The classification platform that powers the client’s contextual advertising business had been built on a fleet of ECS-based distributed services running custom Spark and ETL frameworks. As adoption grew, the architecture hit hard structural limits. Scaling for peak ad traffic required manual intervention, ML inference response times slowed under load, and reporting pipelines for ad exchange data became increasingly difficult to scale and maintain as volumes climbed.
These constraints surfaced at exactly the moment the business was running a company-wide infrastructure optimizations effort, with compute-intensive workloads growing faster than infrastructure efficiency. Fragmented batch and streaming environments multiplied the operational complexity, AI experimentation was throttled by the lack of a unified platform, and every new model or use case added more bespoke services to maintain. Without a structural reset, the platform would have continued to incur cost faster than it absorbed traffic, and contextual signal latency, the core product, would have degraded as scale grew.
Zimetrics positioned the engagement towards a unified AI platform reset. The architectural principle was to consolidate streaming ETL, batch processing, ML inference, and ad-hoc data science onto a single Spark-native lakehouse, while leaving genuinely latency-sensitive serving paths (real-time bidding lookups, ad decisioning) on the purpose-built systems already engineered for millisecond response.
Databricks was selected as the central data processing and lakehouse layer because it offered four capabilities the legacy stack could not deliver together:
• Managed Spark compute that removed the burden of self-managed clusters
• Unified batch and Structured Streaming on a common runtime
• Integrated MLflow for model tracking and registry
• Unity Catalog for governance across the data estate.
Zimetrics approached it as an AI platform engineering problem, deliberately leaving DynamoDB, DAX, Redis, Kafka, and GPU inference clusters in place for workloads where they were already the right choice, and using Databricks for the data and ML workloads where it was.
The new end-to-end flow takes the shape: web pages → Kafka → Databricks Structured Streaming → ML classification → signal API and S3. Spark-based processing on Databricks replaces the fragmented ECS service mesh that previously orchestrated content extraction and classification, while Kafka and S3 integration preserves the existing event backbone the rest of the platform depends on.
• GPU-Enabled Inference: Model inference for NLP and computer vision workloads (including IAB classification, threat detection, sentiment, keyword extraction, and image threat classification) runs on GPU-enabled Databricks clusters, replacing CPU-bound ECS services for the workloads where GPU economics win.
• Structured Streaming for Real-Time Signals: Contextual signal generation moved to Databricks Structured Streaming, allowing signals to be produced continuously rather than through bespoke micro-batch services.
• Operational Streaming Coverage: Streaming coverage now extends across four operational modules running in production on Databricks: Ad Events, Inventory, Real Time Bidding (RTB) and
• RTB User Sync Statistics: Together these handle the high-volume ad serving, inventory, realtime bidding, and user sync workloads that underpin the contextual advertising business.

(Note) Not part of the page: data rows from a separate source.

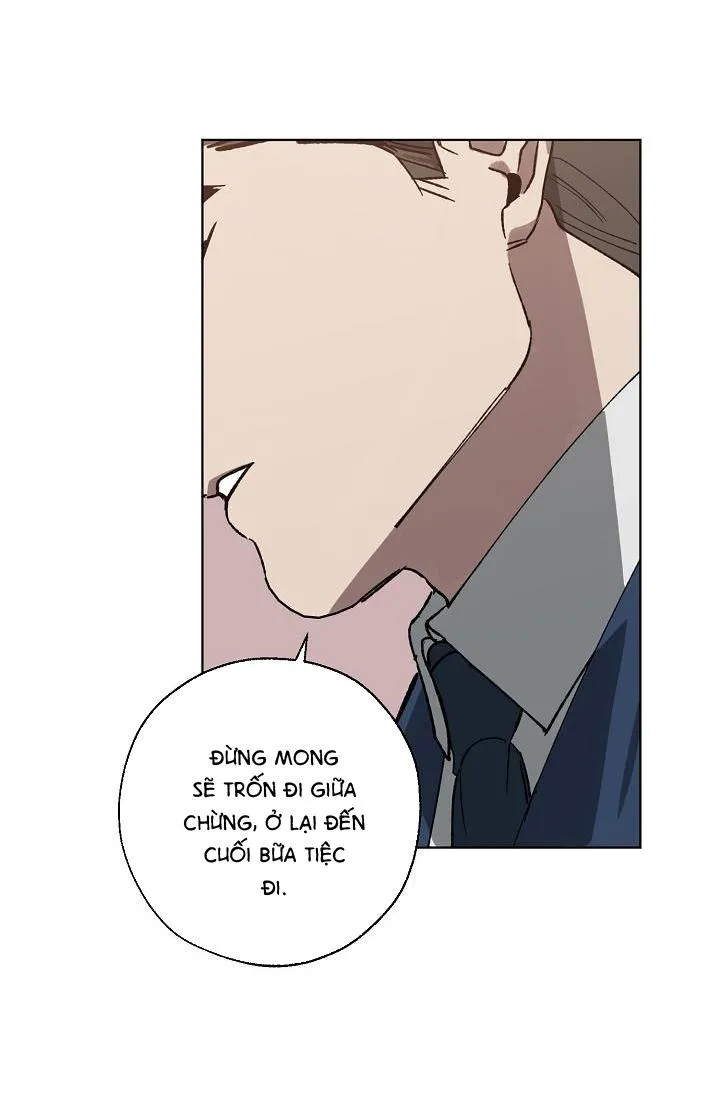 Tráo Đổi Chapter 18 Trang 17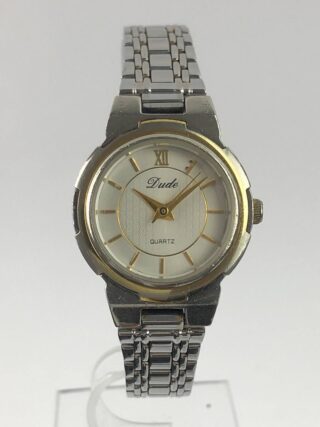 DUDE JAPAN WATCH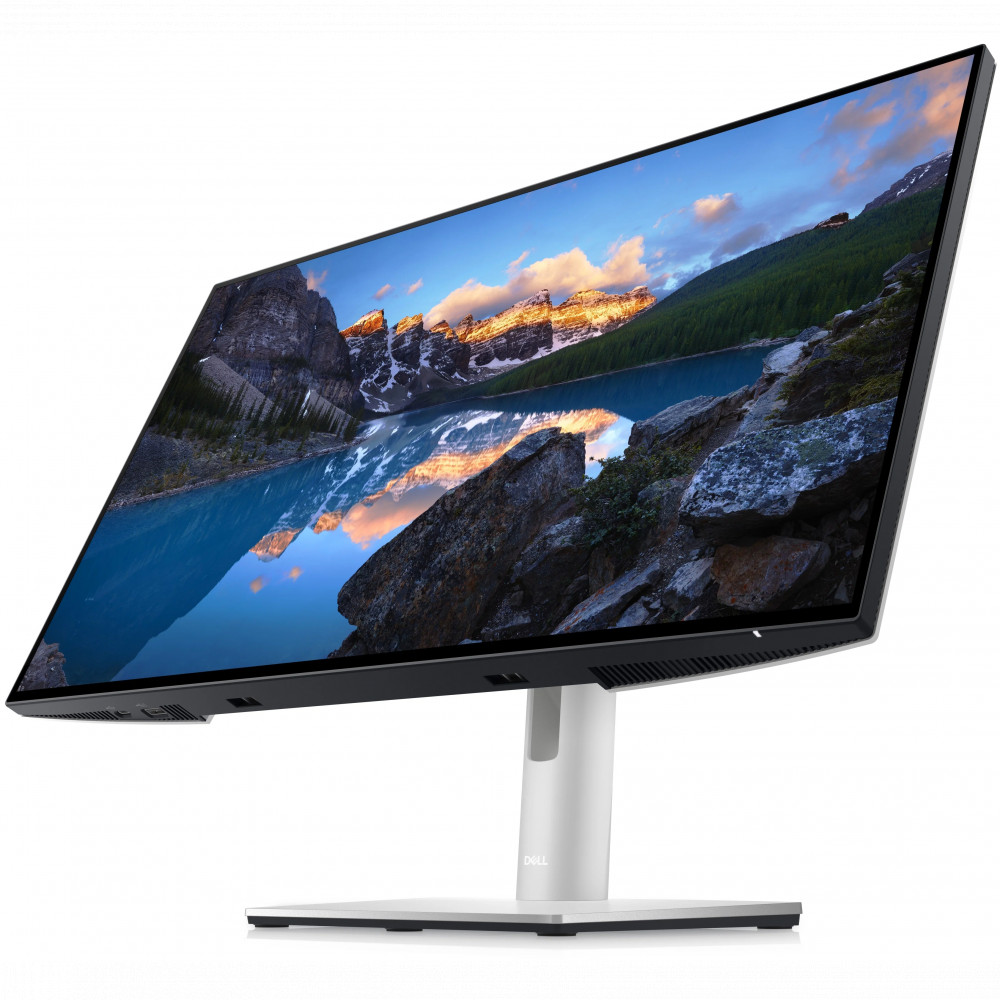 Монитор Dell U2422H 23.8 ", IPS, Full HD 1920x1080 (16:9), 60 Гц - миниатюра 10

• Databricks Workflows for Orchestration: Workflow orchestration was centralized on Databricks Workflows, replacing scattered scheduling and dependency logic spread across the ECS environment.
The platform layer was extended for the data science organization: MLflow handles model tracking, experiment management, and the model registry; notebooks support multi-language exploration in Python, Scala, and SQL on the same governed data; and the lakehouse pattern unifies the data substrate that contextual, NLP, computer vision, brand safety, and page classification models all draw from. The net result is that new models can be built, evaluated, and promoted on shared infrastructure instead of bespoke per-team stacks.
Unity Catalog was introduced for data governance and metastore management across the organization, replacing fragmented metadata practices. Alongside the platform build, Zimetrics ran an explicit cost engineering workstream covering AWS Spot-based workloads for elastic compute, storage tiering, Savings Plans optimization, and GPU migration for inference. The hybrid posture was deliberate: DynamoDB with DAX continues to serve ultra-low-latency lookups in the 2-3 millisecond range, Redis and Kafka remain the operational substrate for serving and event handling, and Databricks is positioned for the processing, analytics, and ML workloads where Spark-native compute is the right tool.